The files used so you can try it in your favorite LLM are here.
Baseline
What happens if we just feed the data into 4o?
It’ll usually start with some tool use to do some analysis of the data in python, however it’s all pretty surface level and doesn’t change the final results so we haven’t explicitly told it not to.
The results below sound reasonable, but it did fall for a couple of the traps we set. It was good at “copy and pasting” — in Karpathy’s words — from the source data, accurately finding and comparing many of the min and max values for each product.
However, many of the “trends” it noticed are hallucinations.
Partner Referral’s is not growing, the product actually ended in August 2021.
Personal Loan Offers is also not growing, but declining slowly. It’s the lowest income segment on par with Credit Report.

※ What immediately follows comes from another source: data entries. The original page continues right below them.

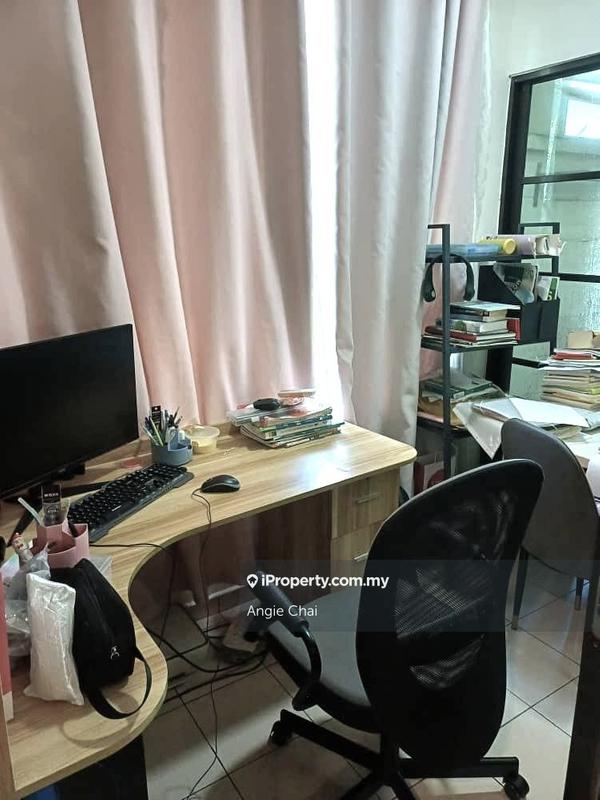 Townhouse for Sale in Sunway Damansara, Kota Damansara by Angie Chai - iProperty.com.my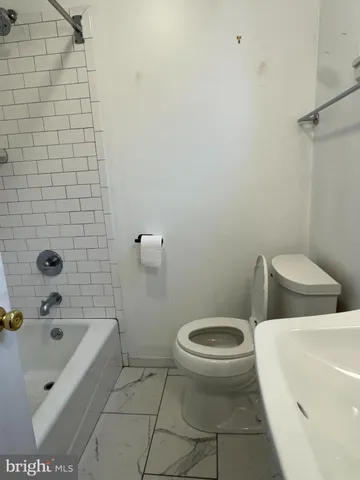 $950 | 251 South Melville Street, Unit 2, Philadelphia, PA 19139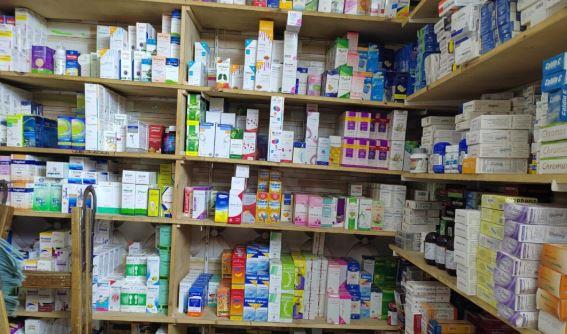 هيئة الدواء: ضبط 15 موقعًا للتصنيع غير مرخص وأدوية مهربة تقدر بـ 25 مليون جنيه.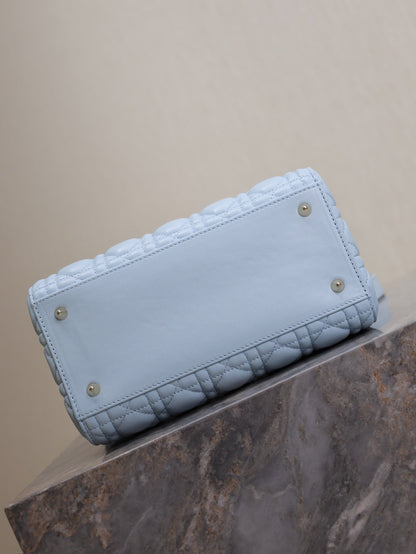 LADY BAG 24 IN BABY BLUE QUILTED MACROCANNAGE CALFSKIN GREEN STRAP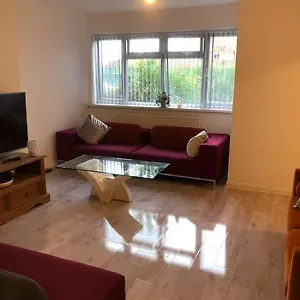 Holiday home Cozy Family Home: Nec-adjacent With Airport Convenience, Birmingham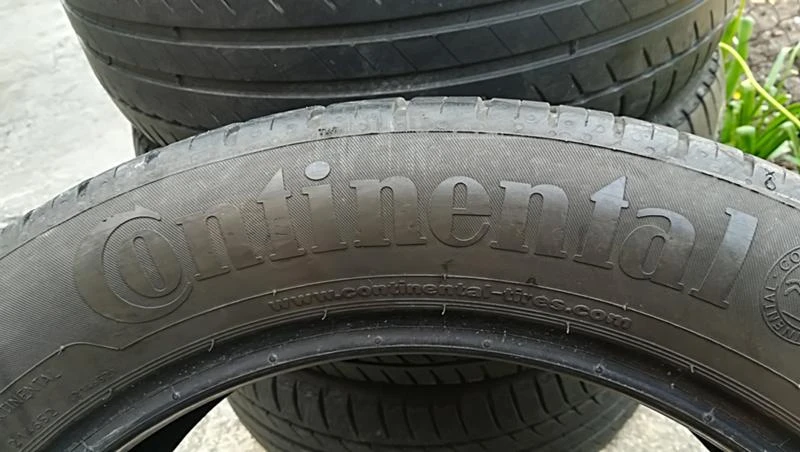 Гуми Летни 225/50R17, снимка 4 - Гуми и джанти - 25328520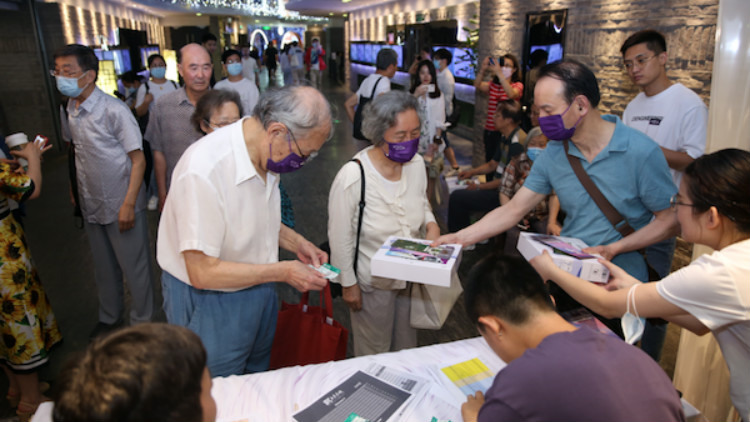 电影《大学》上海路演，清华老校友现场齐唱校歌
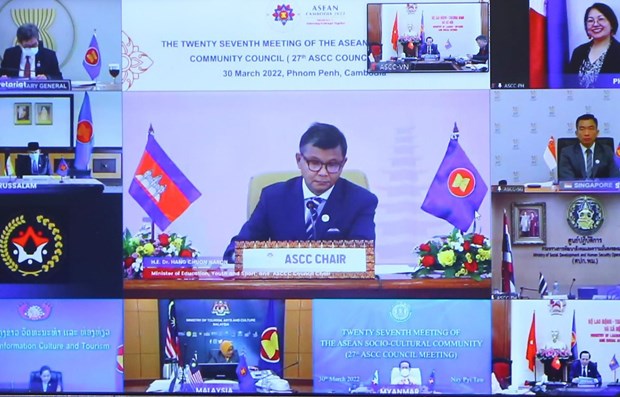 Vietnam apoya iniciativa de vinculacion en seguros de Camboya en ASEAN hinh anh 1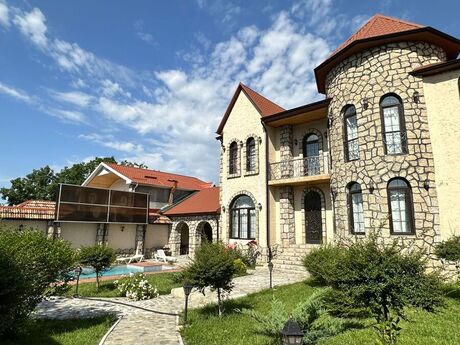 6 otaqlı həyət evi/bağ evi - Bilgəh q. - 400 m²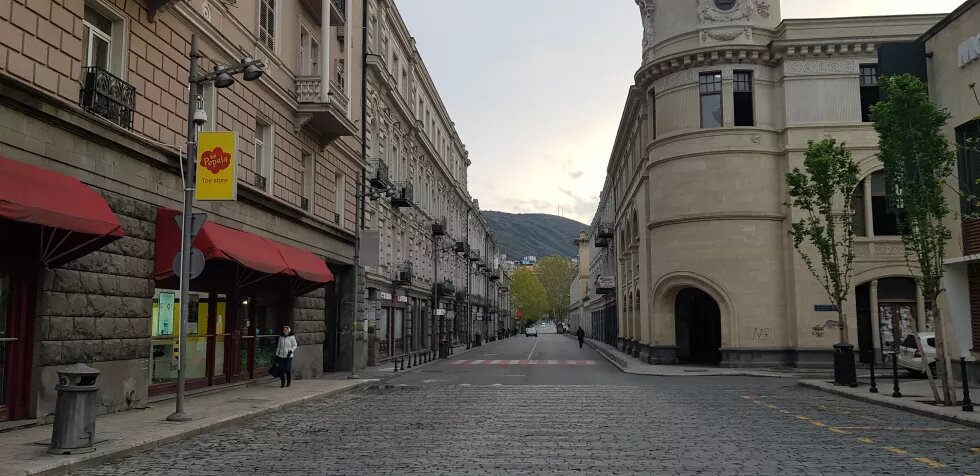  ცარიელი მარჯანიშვილის ქუჩა საგანგებო მდგომარეობის დროს. 23/04/2020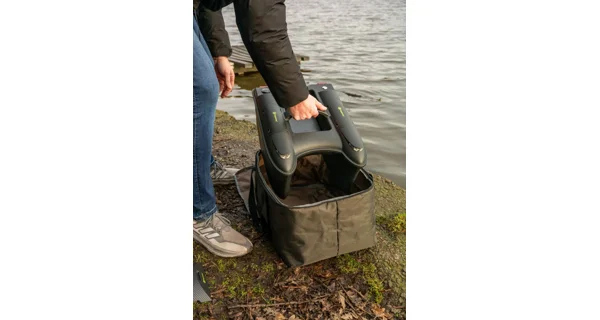 RIDGEMONKEY - Zavážecí loďka Hunter 3000 Bait Boat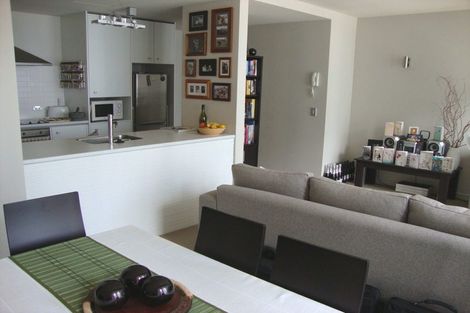 Photo of property in Montreaux Apartments, 5j/164 The Terrace, Wellington Central, Wellington, 6011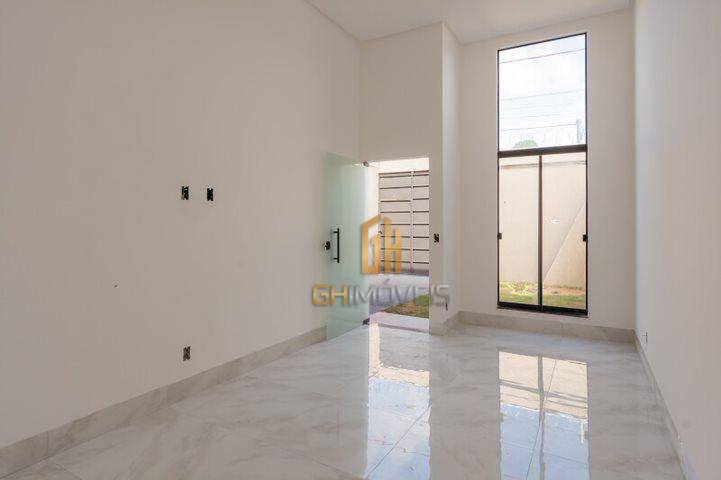 Casa à venda com 3 quartos, 119m² - Foto 2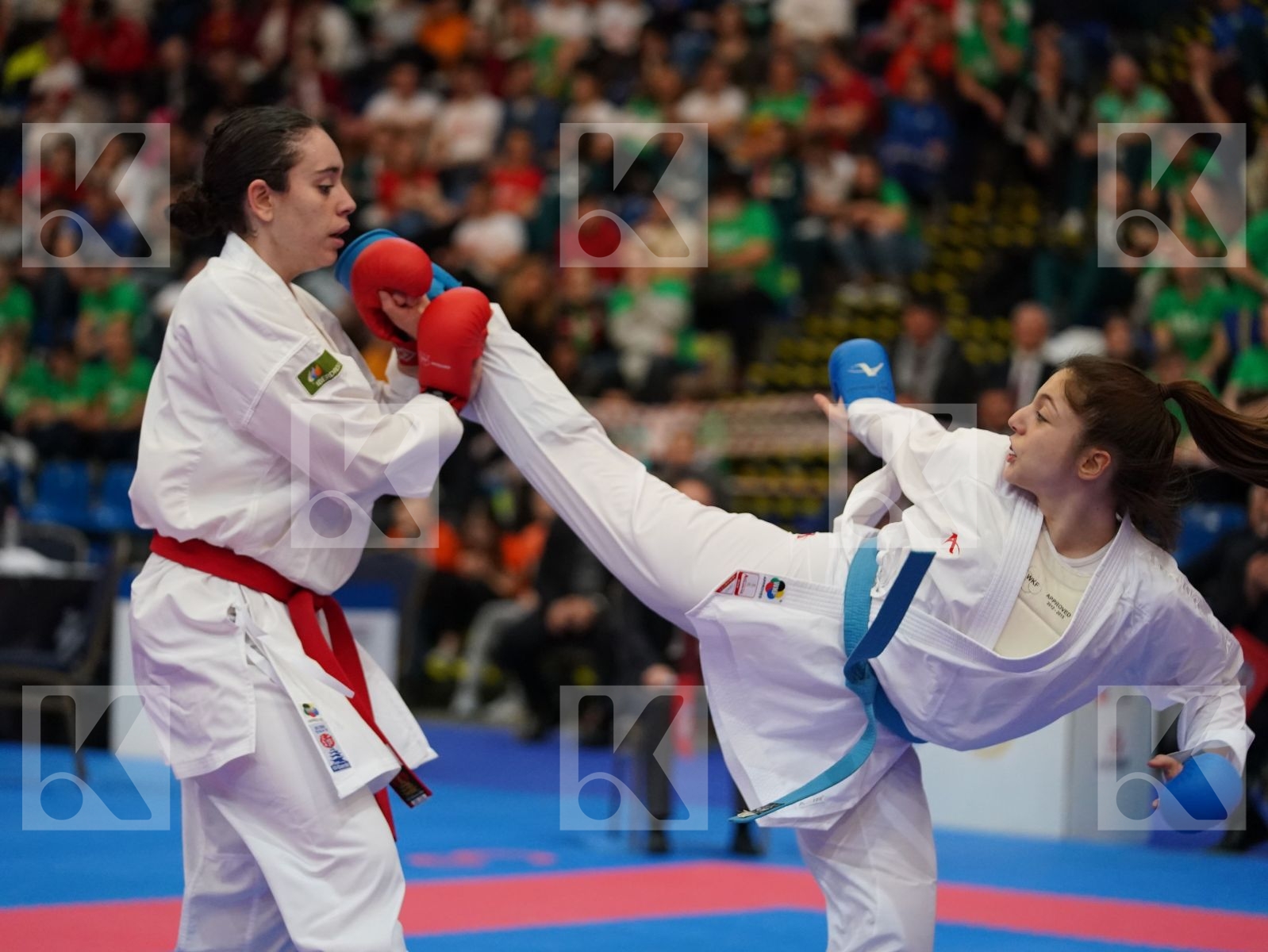 PASCUAL CHICO MARTA (SPAIN) vs PETKOVA SANYA (BULGARIA) in Junior Kumite Female 59+ Kg - Final bout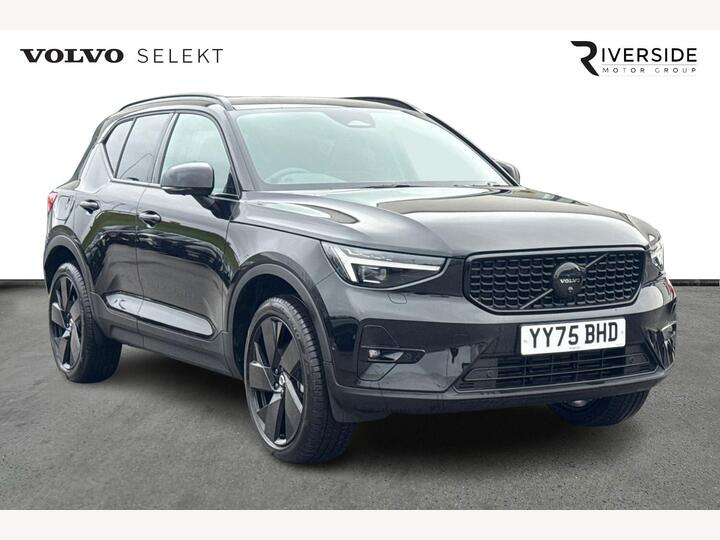 Volvo XC40 2.0 B3 MHEV Plus Pro Black Edition DCT Auto Euro 6 (s/s) 5dr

While the cumulative trend of all products is increasing, the 2 products mentioned above are not, with one having no recent activity.
When just given data, an LLM is great at finding and citing specific data points and prefers to do so as all interesting rows were just min/max values. It does describe some trends, but most of these are just guesses that are at best dubious.
More Compute
What if we gave it more compute by letting it think through the query results first?
It does start to do more interesting things that go beyond just min/maxes such as suggesting “reach expansion, not necessarily market shift” as engagement grows, but income remains stable.
However, most are still guesstimates and generalities such as high volatility in Credit Report, likely from a standard deviation calculated through tool use which incorrectly didn’t account for growth or normalization across products.
More compute helps LLMs go beyond “copy and paste”, however, it still can’t do the math required for statistics needed for analytics.
Cheating
Although an LLM can’t do arithmetic it’s really good at summarization and reasoning so what if we just cheated and give it all the computed statistics it would ever need.
This is what HyperArc does with every query. We use our understanding of the current query to figure out which relevant statistical kernels to run (vs arbitrary code), providing the final statistics for memory synthesis specific to analytics.
Lets see what changes if we include this statistical analysis with the results.
All of the errors of the past 2 attempts are corrected and the LLM is able to confidently cite the statistical facts that back much more sophisticated trends around seasonality and statistically significant interactions between multiple fields.
Providing more statistics than needed for general trends also enables specific follow up questions, citing statistics that weren’t used in the general trends.
To get the most out of LLMs for analytics, we need to use it for what it excels at, reasoning and summarization when given all of the facts, not for the arithmetic traditional systems are great at. HyperArc does this with every query to help you be the best augmented analyst.